Mas Deus prova o seu amor para conosco. O verbo aqui  contém mais de um significado. O mais adequado aqui é o que denota confirmação. Não é o propósito do apóstolo despertar-nos para ações de graças, e, sim, estabelecer a confiança e a segurança de nossas almas. Deus, pois, confirma  ou seja, declara que o seu amor para conosco é muitíssimo sólido e verdadeiro, visto que não poupou a Cristo, seu próprio Filho, por amor aos ímpios. Nisto se manifestou o seu amor, ou seja: sem ser influenciado pelo nosso amor, ele nos amou mesmo antes de usar seu próprio beneplácito em nosso favor, como João mesmo nos diz [Jo 3.16]. O termo pecadores (como em muitas outras passagens) significa aqueles que são completamente corruptos e entregues ao pecado - veja-se João 9.31: "Deus não ouve a pecadores", ou seja: o ímpio e o culpado. A "mulher pecadora" significa uma mulher que vivia vida vergonhosa [Lc 8.37]. Isto surge mais claro ainda a partir do contraste que se segue imediatamente, ou seja: Muito mais agora, sendo justificados por seu sangue. Visto que ele contrasta estes dois elementos, e faz referência àqueles que são libertados da culpa de seu pecado, como sendo justificados, segue-se necessariamente que o termo pecadores significa aqueles que são condenados por suas ações perversas.

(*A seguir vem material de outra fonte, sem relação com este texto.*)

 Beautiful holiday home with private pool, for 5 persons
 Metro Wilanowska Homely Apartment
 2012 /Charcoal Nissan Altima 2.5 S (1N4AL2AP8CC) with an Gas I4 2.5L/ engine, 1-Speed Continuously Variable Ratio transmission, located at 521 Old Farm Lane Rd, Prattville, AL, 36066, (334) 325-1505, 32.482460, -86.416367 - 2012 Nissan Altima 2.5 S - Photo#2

A súmula de tudo consiste em que, se Cristo obteve justiça para os pecadores, pela instrumentalidade de sua morte, então, agora, os protegerá muito mais da destruição assim que são justificados. Na última cláusula ele aplica à sua própria doutrina a comparação entre o menor e o maior. Não teria sido suficiente que Cristo houvesse uma vez por todas granjeado a salvação para nós, se porventura não a mantivesse ilesa e segura até ao fim. Isto é o que o apóstolo agora assevera, declarando que não temos razão para temer que Cristo não conclua a concessão de sua graça destinada a nós antes que tenhamos chegado ao nosso predeterminado fim. Tal é a nossa condição, visto que ele nos reconciliou com o Pai, ou seja: que ele propôs estender sua graça a nós de forma mais eficaz e fazê-la aumentar dia a dia.